[HN Gopher] Exponential Rate Limiting
       ___________________________________________________________________
        
       Exponential Rate Limiting
        
       Author : mooreds
       Score  : 87 points
       Date   : 2024-09-09 14:47 UTC (3 days ago)
        
 (HTM) web link (dotat.at)
 (TXT) w3m dump (dotat.at)
        
       | hansvm wrote:
       | Ha, I wrote one of these a year ago. The problem being solved was
       | gracefully degrading a service if the request volume was too
       | high.
       | 
       | Some additional tweaks you might care about:
       | 
       | 1. It's easy to change the "numerator" being measured to
       | something continuous rather than discrete. As a rate limiter in
       | my application I found CPU seconds per second to be much more
       | useful than requests per second. If you have more control over
       | the low-level networking then queue depth or something might be
       | more applicable, but you work with what you have.
       | 
       | 2. It's easy to change the units of the configuration parameters.

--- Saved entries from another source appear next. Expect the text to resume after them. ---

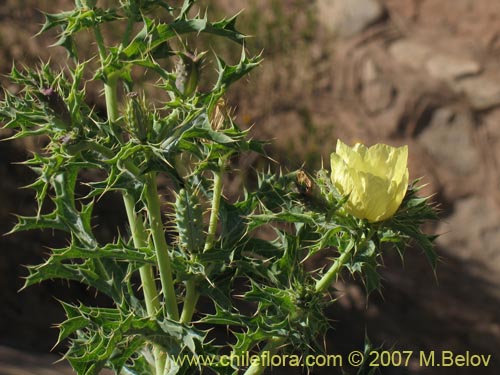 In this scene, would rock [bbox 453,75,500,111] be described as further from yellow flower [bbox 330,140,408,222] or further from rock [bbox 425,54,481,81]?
yellow flower [bbox 330,140,408,222]

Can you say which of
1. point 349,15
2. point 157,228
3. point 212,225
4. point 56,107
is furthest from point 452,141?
point 56,107

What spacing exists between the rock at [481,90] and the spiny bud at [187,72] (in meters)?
3.24

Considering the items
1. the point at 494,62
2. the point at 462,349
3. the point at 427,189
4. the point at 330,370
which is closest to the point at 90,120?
the point at 330,370

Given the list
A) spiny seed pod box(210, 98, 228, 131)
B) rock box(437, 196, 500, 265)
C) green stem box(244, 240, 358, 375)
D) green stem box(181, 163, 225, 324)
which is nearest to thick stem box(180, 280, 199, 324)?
green stem box(181, 163, 225, 324)

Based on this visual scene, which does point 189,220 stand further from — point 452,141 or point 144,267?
point 452,141

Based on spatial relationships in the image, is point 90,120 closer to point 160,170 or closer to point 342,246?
point 160,170

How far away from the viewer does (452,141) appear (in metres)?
4.27

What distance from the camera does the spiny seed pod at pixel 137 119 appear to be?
3.84 ft

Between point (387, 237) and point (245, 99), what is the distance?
2.99 m

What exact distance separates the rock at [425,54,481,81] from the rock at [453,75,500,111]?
0.14 feet

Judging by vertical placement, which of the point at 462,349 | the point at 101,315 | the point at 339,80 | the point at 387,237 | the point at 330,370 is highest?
the point at 387,237

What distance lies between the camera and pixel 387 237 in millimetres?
1279

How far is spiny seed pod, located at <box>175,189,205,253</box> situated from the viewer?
130cm

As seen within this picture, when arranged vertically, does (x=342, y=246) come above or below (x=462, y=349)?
above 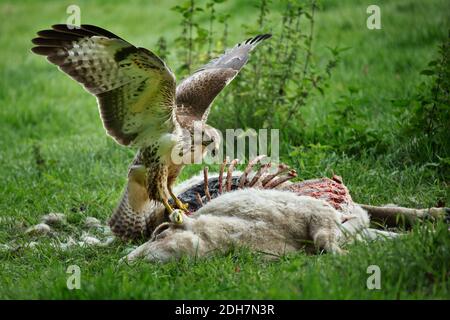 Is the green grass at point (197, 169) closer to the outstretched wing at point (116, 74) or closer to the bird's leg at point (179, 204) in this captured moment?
the bird's leg at point (179, 204)

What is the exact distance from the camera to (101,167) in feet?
23.2

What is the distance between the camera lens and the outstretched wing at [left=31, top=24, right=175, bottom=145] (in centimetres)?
471

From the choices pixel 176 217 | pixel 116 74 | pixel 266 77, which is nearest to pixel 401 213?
pixel 176 217

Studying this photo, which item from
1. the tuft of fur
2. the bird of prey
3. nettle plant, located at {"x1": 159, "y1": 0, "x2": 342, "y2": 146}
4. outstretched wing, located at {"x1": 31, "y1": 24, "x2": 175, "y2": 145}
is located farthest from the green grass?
outstretched wing, located at {"x1": 31, "y1": 24, "x2": 175, "y2": 145}

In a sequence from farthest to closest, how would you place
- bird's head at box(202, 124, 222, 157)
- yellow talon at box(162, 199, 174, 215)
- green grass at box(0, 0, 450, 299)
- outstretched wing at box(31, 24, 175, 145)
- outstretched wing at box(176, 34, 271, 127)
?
outstretched wing at box(176, 34, 271, 127) < bird's head at box(202, 124, 222, 157) < yellow talon at box(162, 199, 174, 215) < outstretched wing at box(31, 24, 175, 145) < green grass at box(0, 0, 450, 299)

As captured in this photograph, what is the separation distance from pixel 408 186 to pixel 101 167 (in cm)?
274

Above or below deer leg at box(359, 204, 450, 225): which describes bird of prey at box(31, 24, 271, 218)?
above

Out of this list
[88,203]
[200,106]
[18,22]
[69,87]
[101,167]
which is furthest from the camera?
[18,22]

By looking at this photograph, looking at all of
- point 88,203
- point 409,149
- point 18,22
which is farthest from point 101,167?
point 18,22

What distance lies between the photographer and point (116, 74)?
486cm

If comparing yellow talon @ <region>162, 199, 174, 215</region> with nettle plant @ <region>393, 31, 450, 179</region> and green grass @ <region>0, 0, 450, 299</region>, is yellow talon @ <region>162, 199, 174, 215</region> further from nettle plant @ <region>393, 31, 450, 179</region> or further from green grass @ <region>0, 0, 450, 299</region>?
nettle plant @ <region>393, 31, 450, 179</region>

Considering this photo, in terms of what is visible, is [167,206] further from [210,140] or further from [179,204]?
[210,140]

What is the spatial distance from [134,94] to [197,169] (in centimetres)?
196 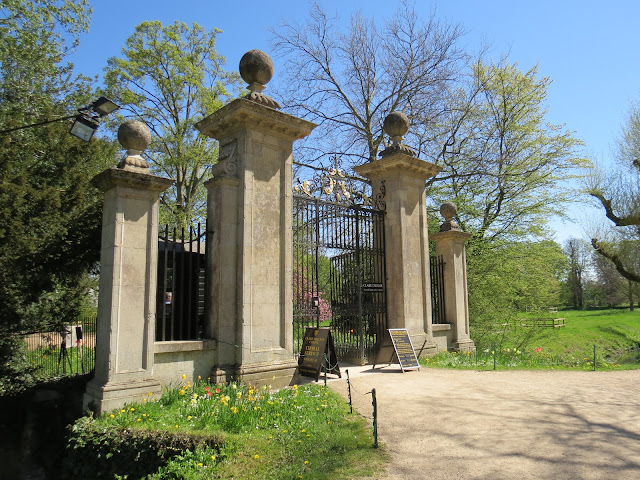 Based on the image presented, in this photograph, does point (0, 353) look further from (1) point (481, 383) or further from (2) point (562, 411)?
(2) point (562, 411)

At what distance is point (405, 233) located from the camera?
10047 millimetres

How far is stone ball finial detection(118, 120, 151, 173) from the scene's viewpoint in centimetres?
616

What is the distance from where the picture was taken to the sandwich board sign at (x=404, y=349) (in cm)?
870

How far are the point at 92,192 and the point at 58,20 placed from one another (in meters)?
7.06

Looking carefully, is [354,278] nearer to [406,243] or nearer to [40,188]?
[406,243]

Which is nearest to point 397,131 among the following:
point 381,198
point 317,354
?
point 381,198

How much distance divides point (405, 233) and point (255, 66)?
4.85 metres

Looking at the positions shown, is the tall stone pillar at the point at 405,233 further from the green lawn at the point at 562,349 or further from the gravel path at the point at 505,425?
the gravel path at the point at 505,425

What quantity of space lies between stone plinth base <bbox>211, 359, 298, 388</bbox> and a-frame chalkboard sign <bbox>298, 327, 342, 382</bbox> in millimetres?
404

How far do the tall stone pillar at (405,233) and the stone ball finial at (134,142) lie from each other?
541 centimetres

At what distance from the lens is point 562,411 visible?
18.4ft

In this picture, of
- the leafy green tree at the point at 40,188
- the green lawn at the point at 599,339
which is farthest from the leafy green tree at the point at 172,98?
the green lawn at the point at 599,339

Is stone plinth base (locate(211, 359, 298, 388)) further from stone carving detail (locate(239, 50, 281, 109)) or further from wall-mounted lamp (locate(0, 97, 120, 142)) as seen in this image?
stone carving detail (locate(239, 50, 281, 109))

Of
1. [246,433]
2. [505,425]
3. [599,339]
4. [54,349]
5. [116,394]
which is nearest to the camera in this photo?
[246,433] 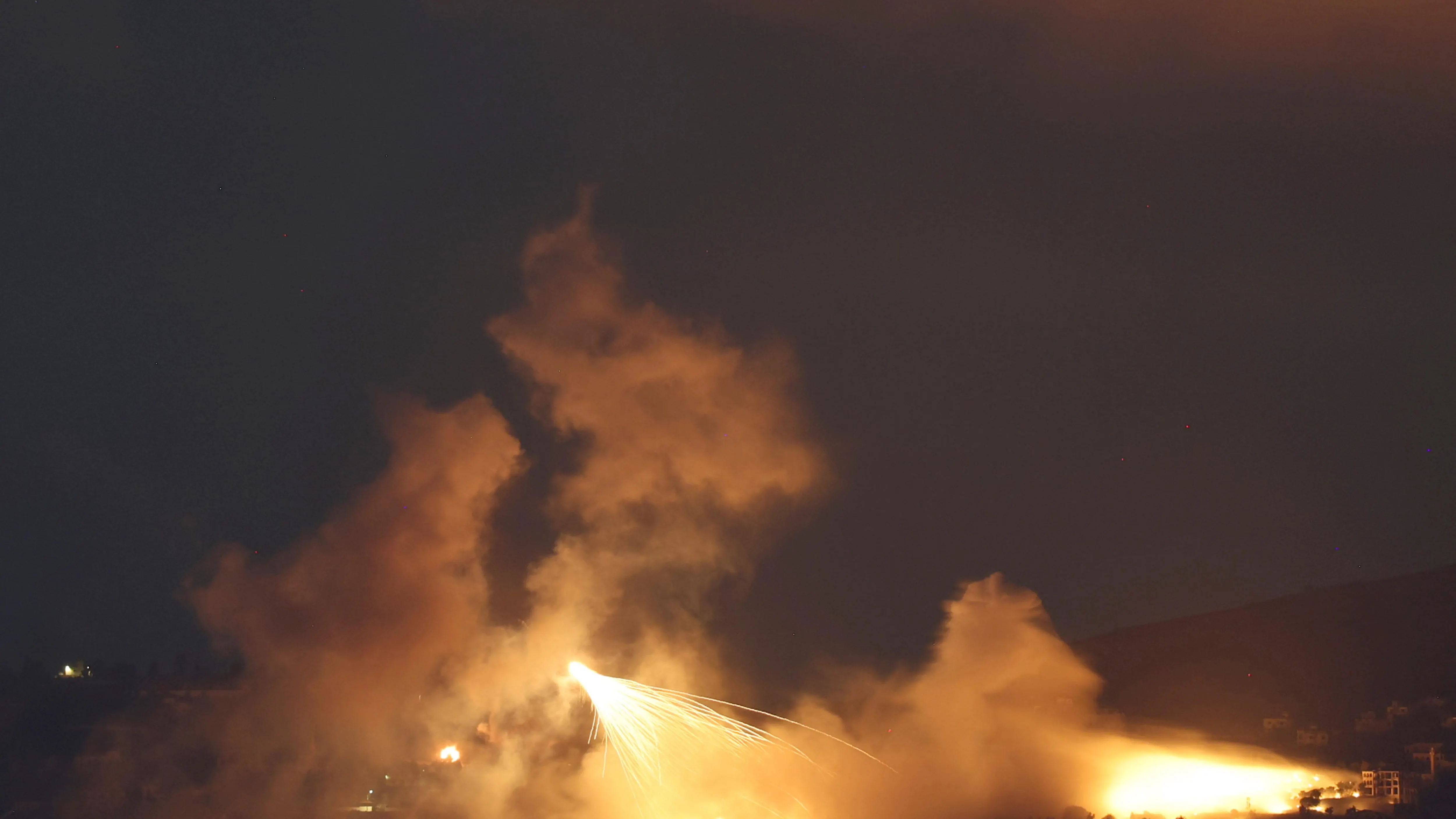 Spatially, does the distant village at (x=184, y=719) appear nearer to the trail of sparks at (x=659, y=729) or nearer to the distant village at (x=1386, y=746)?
the distant village at (x=1386, y=746)

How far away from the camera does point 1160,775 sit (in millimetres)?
29391

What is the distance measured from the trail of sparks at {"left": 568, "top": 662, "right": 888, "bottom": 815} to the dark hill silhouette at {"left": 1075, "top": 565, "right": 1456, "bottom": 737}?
13760 millimetres

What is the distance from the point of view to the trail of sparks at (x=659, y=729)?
89.5 feet

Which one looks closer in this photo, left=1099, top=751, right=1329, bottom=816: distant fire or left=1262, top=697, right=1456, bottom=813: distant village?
left=1262, top=697, right=1456, bottom=813: distant village

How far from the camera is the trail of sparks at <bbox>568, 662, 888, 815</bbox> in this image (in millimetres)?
27281

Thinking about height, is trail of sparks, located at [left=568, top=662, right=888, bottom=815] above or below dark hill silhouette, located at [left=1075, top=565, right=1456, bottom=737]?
below

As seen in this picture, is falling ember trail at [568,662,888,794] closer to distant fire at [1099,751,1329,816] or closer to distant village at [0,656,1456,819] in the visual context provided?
distant village at [0,656,1456,819]

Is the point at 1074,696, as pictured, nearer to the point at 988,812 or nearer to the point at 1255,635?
the point at 988,812

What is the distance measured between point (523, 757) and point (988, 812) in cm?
1158

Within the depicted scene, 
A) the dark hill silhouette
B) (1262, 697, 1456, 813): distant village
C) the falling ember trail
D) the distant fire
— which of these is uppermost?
the dark hill silhouette

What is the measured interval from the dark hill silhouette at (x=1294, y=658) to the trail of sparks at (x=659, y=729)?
45.1 ft

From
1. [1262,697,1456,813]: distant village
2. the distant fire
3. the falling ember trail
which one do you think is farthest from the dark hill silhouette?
the falling ember trail

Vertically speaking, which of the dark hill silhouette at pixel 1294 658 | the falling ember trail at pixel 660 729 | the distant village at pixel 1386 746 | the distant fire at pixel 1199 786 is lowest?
the falling ember trail at pixel 660 729

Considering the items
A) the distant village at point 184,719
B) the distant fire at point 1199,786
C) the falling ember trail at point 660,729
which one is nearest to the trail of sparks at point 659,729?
the falling ember trail at point 660,729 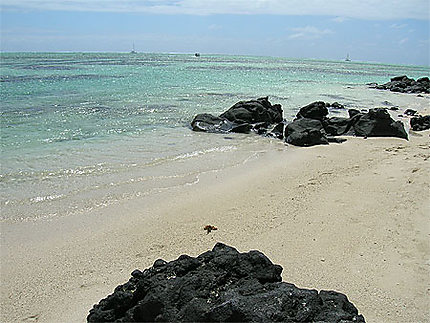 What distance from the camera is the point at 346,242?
5621 mm

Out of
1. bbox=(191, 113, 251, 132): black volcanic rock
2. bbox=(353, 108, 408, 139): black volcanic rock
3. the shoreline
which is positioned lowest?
the shoreline

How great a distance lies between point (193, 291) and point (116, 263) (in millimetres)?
2308

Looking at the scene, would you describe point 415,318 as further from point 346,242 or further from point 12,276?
point 12,276

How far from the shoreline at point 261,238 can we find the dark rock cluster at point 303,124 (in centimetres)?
399

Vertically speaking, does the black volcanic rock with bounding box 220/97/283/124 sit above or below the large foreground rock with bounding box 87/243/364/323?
below

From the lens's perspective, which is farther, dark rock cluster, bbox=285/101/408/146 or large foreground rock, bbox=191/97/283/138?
large foreground rock, bbox=191/97/283/138

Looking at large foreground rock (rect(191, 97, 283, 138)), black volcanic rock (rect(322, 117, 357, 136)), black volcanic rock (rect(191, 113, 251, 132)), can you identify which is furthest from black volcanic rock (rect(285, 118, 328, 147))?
black volcanic rock (rect(191, 113, 251, 132))

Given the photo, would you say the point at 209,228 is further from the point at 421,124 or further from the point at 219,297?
the point at 421,124

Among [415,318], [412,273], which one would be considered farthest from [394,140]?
[415,318]

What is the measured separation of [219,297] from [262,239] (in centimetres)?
278

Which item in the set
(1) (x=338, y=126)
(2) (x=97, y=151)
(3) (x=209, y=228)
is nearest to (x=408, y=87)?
(1) (x=338, y=126)

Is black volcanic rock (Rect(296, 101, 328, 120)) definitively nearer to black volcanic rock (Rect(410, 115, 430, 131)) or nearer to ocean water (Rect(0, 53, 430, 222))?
black volcanic rock (Rect(410, 115, 430, 131))

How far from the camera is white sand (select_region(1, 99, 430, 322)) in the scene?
440 cm

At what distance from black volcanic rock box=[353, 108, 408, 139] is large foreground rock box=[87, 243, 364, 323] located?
37.5ft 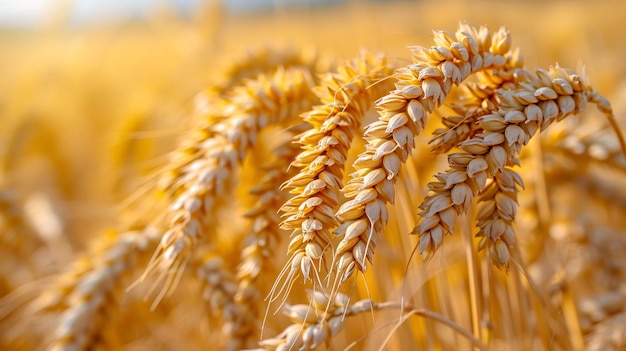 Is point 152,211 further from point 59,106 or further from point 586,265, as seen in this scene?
point 59,106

       | I haven't checked if it's already in these units for example, but
       | TFA's "averaging period" can easily be re-cast as a half-life (in
       | microseconds or hours or whatever's most convenient).
       | 
       | Anywho, this is a nice write-up on exponential smoothing. I like
       | the attention to edge cases affecting rate-limiting specifically.
       | 
       | As a bit of a fun aside, the state-update equation here is an
       | Euler update solving the exponential ODE, fusing in the new
       | knowledge you have (new requests) as instantaneous tweaks. For
       | rate-limiting in particular the exponential is probably a good
       | choice (numerically stable, hardware instructions, works even
       | when time gaps or other features are far outside of your intended
       | configuration space, ...), but in other domains, like memoryless
       | (still "stateful", obviously, but only requiring an amalgamation
       | condensed into the very last state, as opposed to some O(n)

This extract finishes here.